## Given records
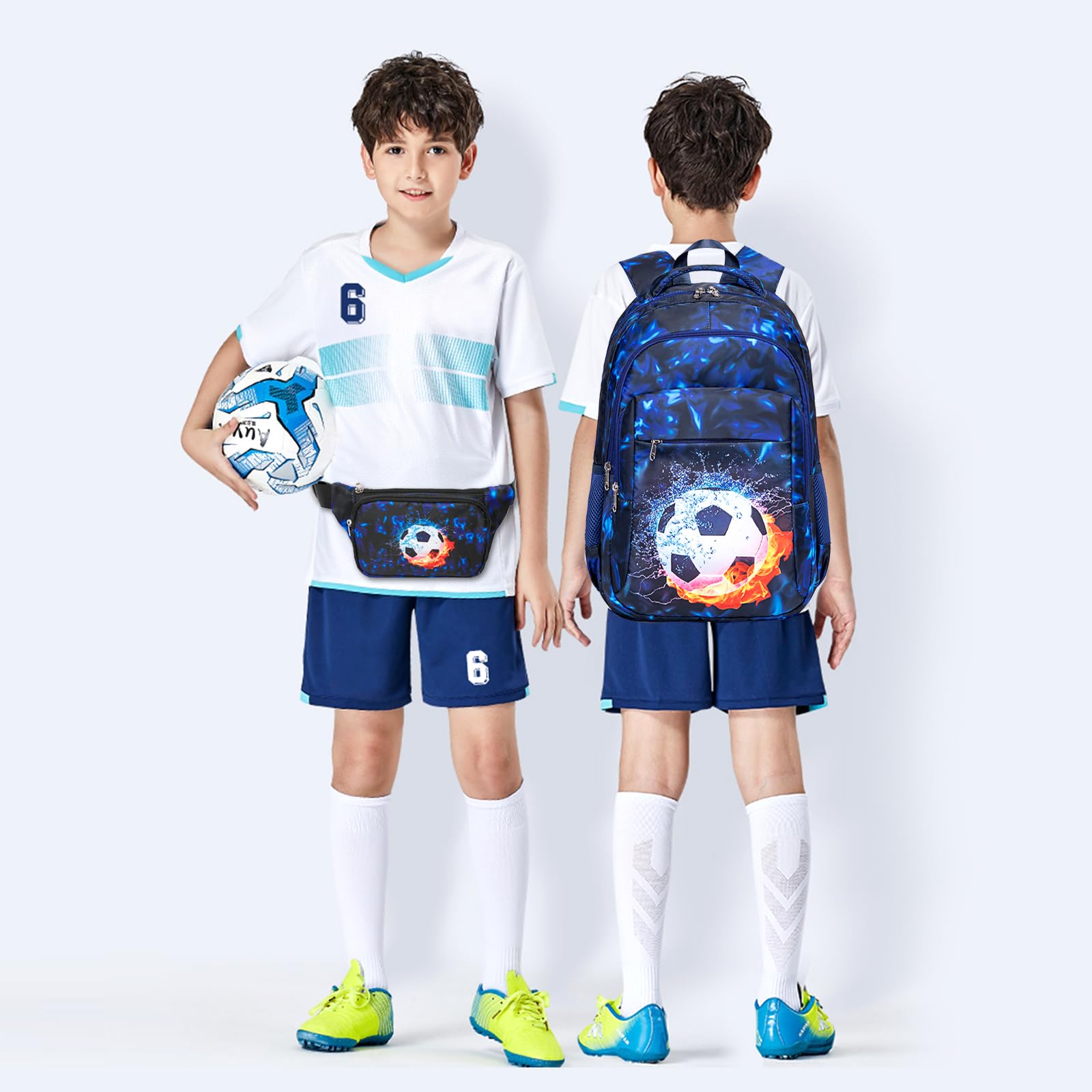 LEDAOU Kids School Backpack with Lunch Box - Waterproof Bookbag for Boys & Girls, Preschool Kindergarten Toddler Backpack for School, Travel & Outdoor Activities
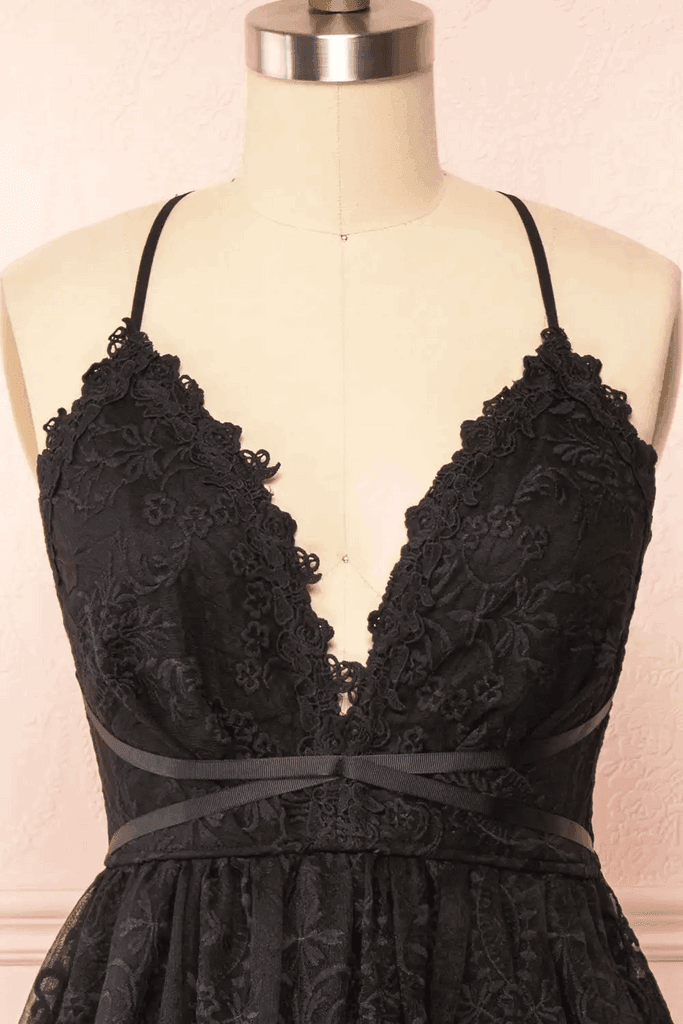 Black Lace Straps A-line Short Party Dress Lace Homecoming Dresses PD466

* * *

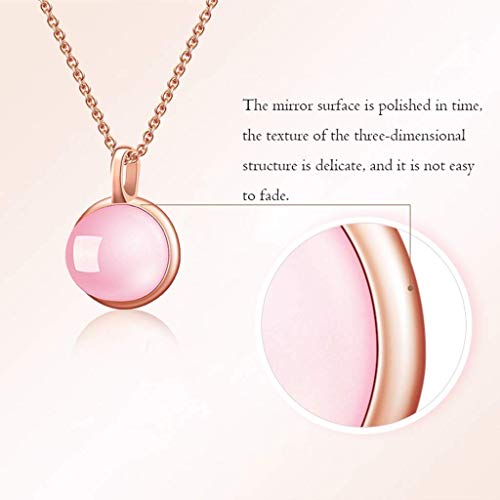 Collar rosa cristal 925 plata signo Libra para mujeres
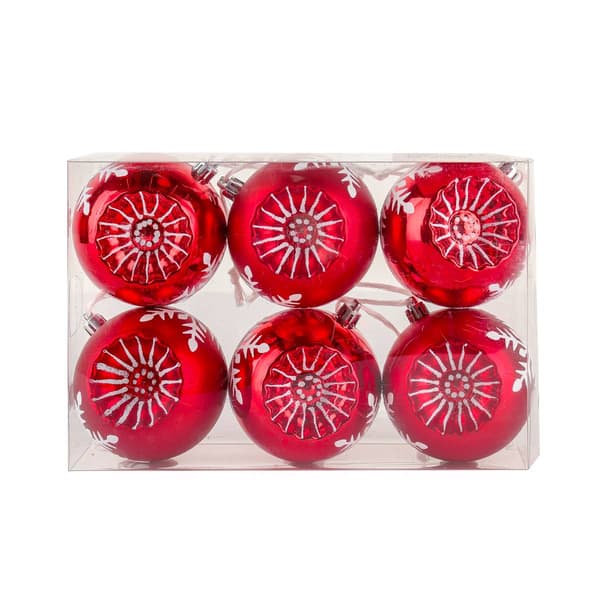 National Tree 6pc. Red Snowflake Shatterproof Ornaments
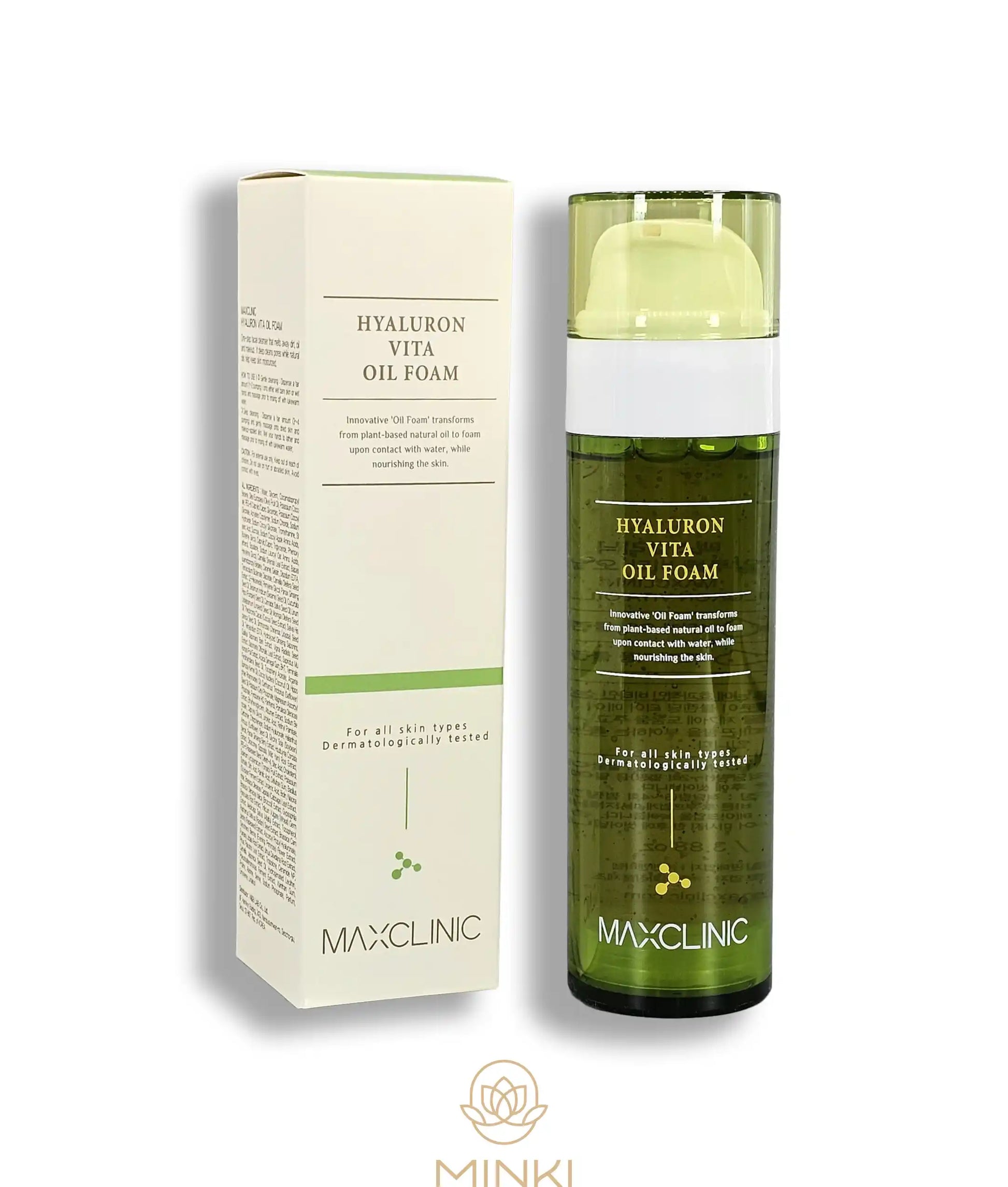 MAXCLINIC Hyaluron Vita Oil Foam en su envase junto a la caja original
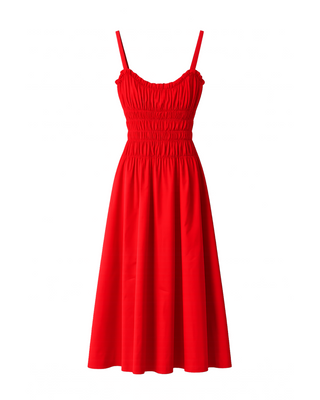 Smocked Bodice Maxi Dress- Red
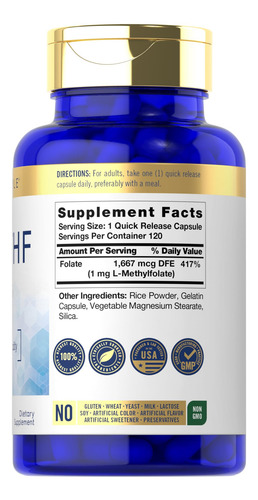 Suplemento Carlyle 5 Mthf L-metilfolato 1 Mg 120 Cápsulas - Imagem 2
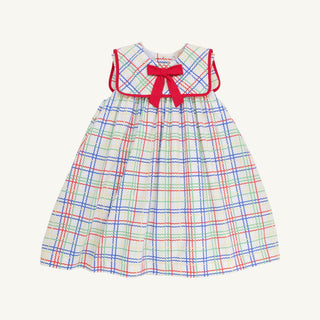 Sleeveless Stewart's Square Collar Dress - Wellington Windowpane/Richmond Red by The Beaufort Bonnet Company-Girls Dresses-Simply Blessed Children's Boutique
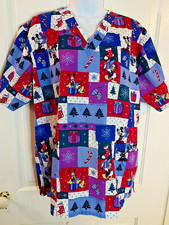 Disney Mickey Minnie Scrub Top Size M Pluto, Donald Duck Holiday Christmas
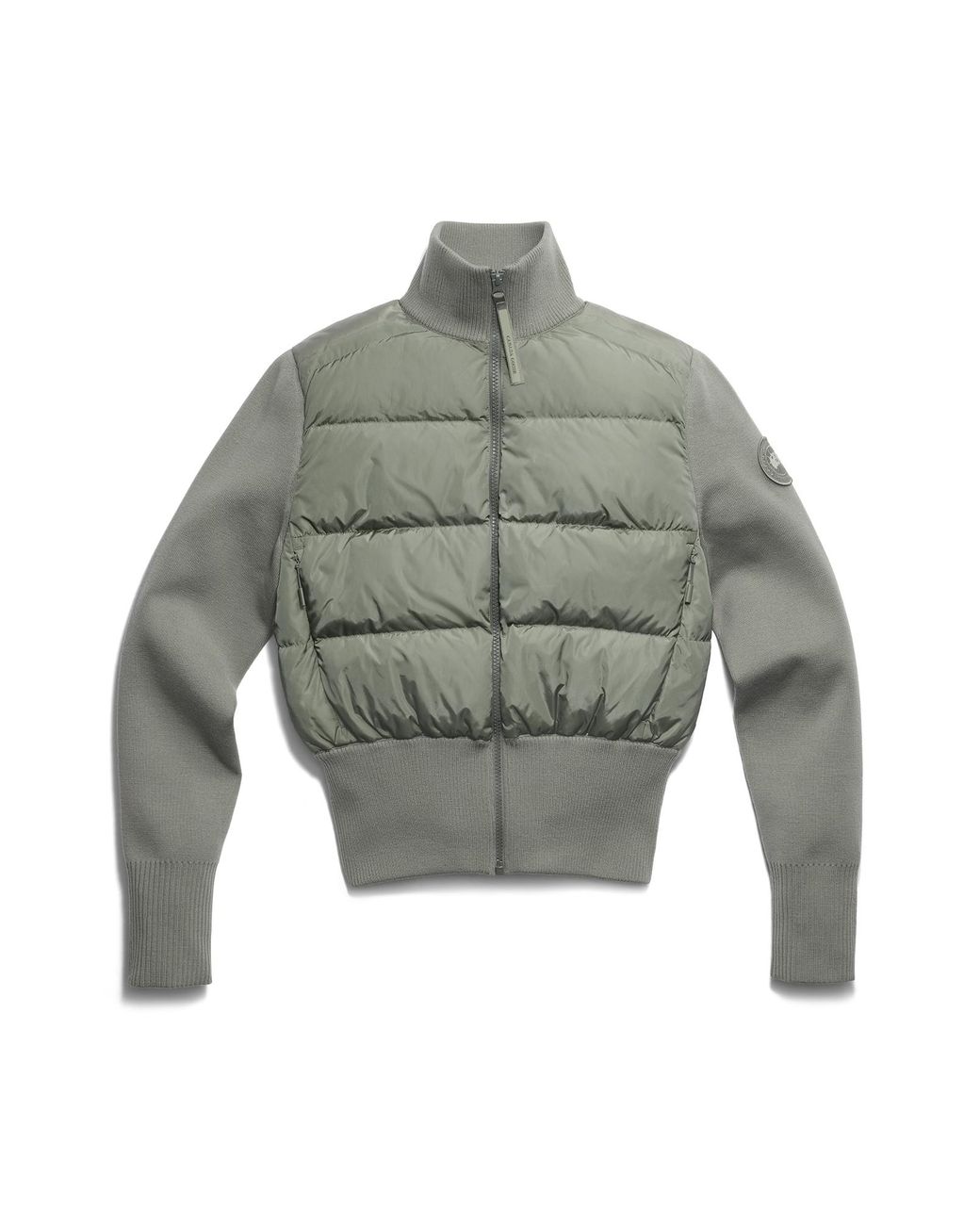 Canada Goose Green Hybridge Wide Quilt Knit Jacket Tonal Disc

--

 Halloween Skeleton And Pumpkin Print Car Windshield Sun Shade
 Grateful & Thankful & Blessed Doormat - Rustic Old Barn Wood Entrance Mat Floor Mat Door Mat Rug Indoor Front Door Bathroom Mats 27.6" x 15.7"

## Aim of the exercise
For the material above, give again only the lines starting at the line that contains "National Tree 6pc." and ending at the line that contains "Suplemento Carlyle 5". Pictures do not belong in the copy.

## Task answer
 National Tree 6pc. Red Snowflake Shatterproof Ornaments
 MAXCLINIC Hyaluron Vita Oil Foam en su envase junto a la caja original
 Smocked Bodice Maxi Dress- Red
 Suplemento Carlyle 5 Mthf L-metilfolato 1 Mg 120 Cápsulas - Imagem 2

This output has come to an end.